(DATA LISTING begins)

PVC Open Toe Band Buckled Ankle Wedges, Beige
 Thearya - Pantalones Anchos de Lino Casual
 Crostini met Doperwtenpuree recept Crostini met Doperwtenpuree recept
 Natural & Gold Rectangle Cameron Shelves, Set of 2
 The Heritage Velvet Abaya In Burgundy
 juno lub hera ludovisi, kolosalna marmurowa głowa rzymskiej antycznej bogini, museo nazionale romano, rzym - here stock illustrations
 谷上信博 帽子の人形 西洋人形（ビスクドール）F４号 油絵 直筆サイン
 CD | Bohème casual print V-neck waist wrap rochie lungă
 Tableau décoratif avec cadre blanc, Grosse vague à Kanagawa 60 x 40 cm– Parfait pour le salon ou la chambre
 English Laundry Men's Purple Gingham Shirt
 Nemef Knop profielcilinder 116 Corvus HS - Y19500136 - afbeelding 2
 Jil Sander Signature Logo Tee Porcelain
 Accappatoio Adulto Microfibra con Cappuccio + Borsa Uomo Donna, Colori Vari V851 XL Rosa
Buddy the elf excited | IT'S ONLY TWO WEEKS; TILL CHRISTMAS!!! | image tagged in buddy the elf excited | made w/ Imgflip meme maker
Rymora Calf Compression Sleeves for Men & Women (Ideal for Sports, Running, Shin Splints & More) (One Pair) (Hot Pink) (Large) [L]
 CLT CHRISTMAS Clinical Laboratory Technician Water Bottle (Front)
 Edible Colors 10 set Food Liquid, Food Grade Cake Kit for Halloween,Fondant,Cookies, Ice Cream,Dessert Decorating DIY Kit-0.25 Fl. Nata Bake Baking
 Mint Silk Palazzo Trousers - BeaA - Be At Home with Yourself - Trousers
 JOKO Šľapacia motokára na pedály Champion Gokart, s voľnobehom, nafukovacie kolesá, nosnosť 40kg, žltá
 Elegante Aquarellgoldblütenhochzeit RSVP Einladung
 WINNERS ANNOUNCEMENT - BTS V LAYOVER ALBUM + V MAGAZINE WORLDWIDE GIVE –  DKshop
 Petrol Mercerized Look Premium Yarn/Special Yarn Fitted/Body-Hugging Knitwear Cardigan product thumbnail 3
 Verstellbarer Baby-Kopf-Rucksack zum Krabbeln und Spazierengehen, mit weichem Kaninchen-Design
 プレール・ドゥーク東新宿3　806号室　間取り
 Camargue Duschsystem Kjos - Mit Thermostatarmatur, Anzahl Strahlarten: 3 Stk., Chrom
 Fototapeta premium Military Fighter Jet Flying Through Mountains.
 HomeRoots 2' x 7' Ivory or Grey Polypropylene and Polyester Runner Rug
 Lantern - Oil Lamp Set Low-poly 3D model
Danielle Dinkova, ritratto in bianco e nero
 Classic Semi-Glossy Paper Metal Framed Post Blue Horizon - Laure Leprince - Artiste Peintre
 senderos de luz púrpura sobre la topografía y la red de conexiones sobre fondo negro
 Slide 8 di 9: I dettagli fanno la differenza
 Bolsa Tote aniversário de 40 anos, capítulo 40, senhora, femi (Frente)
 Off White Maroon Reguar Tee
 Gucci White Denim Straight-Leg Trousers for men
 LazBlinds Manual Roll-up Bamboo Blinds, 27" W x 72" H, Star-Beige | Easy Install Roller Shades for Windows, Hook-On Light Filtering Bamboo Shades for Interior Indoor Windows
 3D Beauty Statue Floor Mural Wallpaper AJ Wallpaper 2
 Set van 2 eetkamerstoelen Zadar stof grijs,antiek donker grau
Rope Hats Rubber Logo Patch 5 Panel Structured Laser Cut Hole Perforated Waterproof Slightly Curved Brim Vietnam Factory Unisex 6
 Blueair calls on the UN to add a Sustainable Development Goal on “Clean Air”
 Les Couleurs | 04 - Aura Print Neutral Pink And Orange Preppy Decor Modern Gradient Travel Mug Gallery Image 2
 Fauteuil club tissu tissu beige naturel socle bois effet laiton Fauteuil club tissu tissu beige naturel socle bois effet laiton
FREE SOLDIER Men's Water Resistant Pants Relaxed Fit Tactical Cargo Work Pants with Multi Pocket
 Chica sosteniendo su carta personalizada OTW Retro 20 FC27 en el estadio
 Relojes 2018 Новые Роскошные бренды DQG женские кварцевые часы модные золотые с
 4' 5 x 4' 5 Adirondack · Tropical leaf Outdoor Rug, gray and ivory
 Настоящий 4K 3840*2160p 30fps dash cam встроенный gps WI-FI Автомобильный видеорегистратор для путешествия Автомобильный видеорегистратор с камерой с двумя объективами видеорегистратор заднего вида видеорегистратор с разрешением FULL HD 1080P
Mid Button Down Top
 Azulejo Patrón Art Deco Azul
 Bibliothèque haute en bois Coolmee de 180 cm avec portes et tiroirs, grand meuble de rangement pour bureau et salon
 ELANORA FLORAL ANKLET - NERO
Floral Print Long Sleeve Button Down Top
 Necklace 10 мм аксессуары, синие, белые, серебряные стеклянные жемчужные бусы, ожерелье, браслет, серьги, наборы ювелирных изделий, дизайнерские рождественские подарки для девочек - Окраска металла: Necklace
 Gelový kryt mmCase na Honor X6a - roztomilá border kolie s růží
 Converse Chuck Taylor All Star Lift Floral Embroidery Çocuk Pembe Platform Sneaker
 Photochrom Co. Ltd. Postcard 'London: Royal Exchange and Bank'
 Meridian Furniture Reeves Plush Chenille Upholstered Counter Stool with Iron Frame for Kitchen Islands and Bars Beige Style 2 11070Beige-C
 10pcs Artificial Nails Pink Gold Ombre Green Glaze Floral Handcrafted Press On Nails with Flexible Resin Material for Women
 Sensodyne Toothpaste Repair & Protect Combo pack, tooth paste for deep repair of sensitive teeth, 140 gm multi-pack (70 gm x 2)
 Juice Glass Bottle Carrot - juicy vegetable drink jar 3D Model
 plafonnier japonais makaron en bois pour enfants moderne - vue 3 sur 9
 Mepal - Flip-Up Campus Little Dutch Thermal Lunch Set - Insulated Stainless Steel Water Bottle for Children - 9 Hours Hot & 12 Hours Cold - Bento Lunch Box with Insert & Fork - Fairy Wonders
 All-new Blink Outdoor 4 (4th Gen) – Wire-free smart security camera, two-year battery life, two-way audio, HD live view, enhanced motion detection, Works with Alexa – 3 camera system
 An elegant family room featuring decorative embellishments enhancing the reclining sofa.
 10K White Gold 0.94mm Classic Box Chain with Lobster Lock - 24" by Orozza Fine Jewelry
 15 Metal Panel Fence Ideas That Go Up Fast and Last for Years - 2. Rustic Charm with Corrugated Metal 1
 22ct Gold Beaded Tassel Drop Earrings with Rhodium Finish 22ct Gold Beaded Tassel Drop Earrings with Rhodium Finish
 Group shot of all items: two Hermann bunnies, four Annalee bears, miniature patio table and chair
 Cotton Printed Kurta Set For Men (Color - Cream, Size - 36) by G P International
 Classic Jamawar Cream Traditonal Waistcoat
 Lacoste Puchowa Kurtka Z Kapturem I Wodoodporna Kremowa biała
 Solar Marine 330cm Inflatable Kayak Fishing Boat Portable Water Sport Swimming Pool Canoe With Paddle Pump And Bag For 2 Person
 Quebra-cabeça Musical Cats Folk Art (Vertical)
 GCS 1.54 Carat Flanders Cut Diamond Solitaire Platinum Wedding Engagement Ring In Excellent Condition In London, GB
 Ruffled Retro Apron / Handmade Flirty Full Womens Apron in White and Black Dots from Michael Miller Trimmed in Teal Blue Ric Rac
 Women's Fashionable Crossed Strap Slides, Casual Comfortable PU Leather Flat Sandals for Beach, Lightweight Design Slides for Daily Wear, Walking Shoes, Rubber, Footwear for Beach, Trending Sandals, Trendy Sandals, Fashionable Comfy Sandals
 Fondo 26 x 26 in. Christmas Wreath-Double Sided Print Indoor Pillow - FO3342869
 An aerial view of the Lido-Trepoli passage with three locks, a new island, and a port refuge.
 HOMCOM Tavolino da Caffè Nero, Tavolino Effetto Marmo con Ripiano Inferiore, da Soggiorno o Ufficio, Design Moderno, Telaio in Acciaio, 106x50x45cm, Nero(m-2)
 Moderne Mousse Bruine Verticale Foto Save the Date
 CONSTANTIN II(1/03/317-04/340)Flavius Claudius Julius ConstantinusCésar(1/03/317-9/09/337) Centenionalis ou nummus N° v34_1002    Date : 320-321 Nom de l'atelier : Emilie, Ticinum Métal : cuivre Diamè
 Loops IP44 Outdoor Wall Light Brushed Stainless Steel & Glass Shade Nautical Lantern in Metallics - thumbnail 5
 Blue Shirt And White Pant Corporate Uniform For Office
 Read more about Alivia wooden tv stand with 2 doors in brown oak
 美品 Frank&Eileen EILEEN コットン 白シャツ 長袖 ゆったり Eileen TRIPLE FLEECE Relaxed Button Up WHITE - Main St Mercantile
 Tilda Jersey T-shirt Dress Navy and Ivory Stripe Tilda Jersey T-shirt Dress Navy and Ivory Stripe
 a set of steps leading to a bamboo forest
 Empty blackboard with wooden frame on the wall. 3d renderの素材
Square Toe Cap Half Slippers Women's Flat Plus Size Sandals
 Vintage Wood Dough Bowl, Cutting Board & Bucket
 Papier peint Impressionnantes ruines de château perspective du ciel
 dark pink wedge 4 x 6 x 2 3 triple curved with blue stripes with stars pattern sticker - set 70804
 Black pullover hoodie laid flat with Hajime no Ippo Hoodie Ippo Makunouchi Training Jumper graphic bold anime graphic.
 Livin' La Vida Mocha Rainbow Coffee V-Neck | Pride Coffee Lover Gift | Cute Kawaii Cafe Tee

(DATA LISTING ends)

ACTIVITY: Here the job is to transcribe the lines from the first line of the data through the line containing "CLT CHRISTMAS Clinical", inclusive, exactly and with nothing else.

RESULT FOR THIS EXERCISE:
PVC Open Toe Band Buckled Ankle Wedges, Beige
 Thearya - Pantalones Anchos de Lino Casual
 Crostini met Doperwtenpuree recept Crostini met Doperwtenpuree recept
 Natural & Gold Rectangle Cameron Shelves, Set of 2
 The Heritage Velvet Abaya In Burgundy
 juno lub hera ludovisi, kolosalna marmurowa głowa rzymskiej antycznej bogini, museo nazionale romano, rzym - here stock illustrations
 谷上信博 帽子の人形 西洋人形（ビスクドール）F４号 油絵 直筆サイン
 CD | Bohème casual print V-neck waist wrap rochie lungă
 Tableau décoratif avec cadre blanc, Grosse vague à Kanagawa 60 x 40 cm– Parfait pour le salon ou la chambre
 English Laundry Men's Purple Gingham Shirt
 Nemef Knop profielcilinder 116 Corvus HS - Y19500136 - afbeelding 2
 Jil Sander Signature Logo Tee Porcelain
 Accappatoio Adulto Microfibra con Cappuccio + Borsa Uomo Donna, Colori Vari V851 XL Rosa
Buddy the elf excited | IT'S ONLY TWO WEEKS; TILL CHRISTMAS!!! | image tagged in buddy the elf excited | made w/ Imgflip meme maker
Rymora Calf Compression Sleeves for Men & Women (Ideal for Sports, Running, Shin Splints & More) (One Pair) (Hot Pink) (Large) [L]
 CLT CHRISTMAS Clinical Laboratory Technician Water Bottle (Front)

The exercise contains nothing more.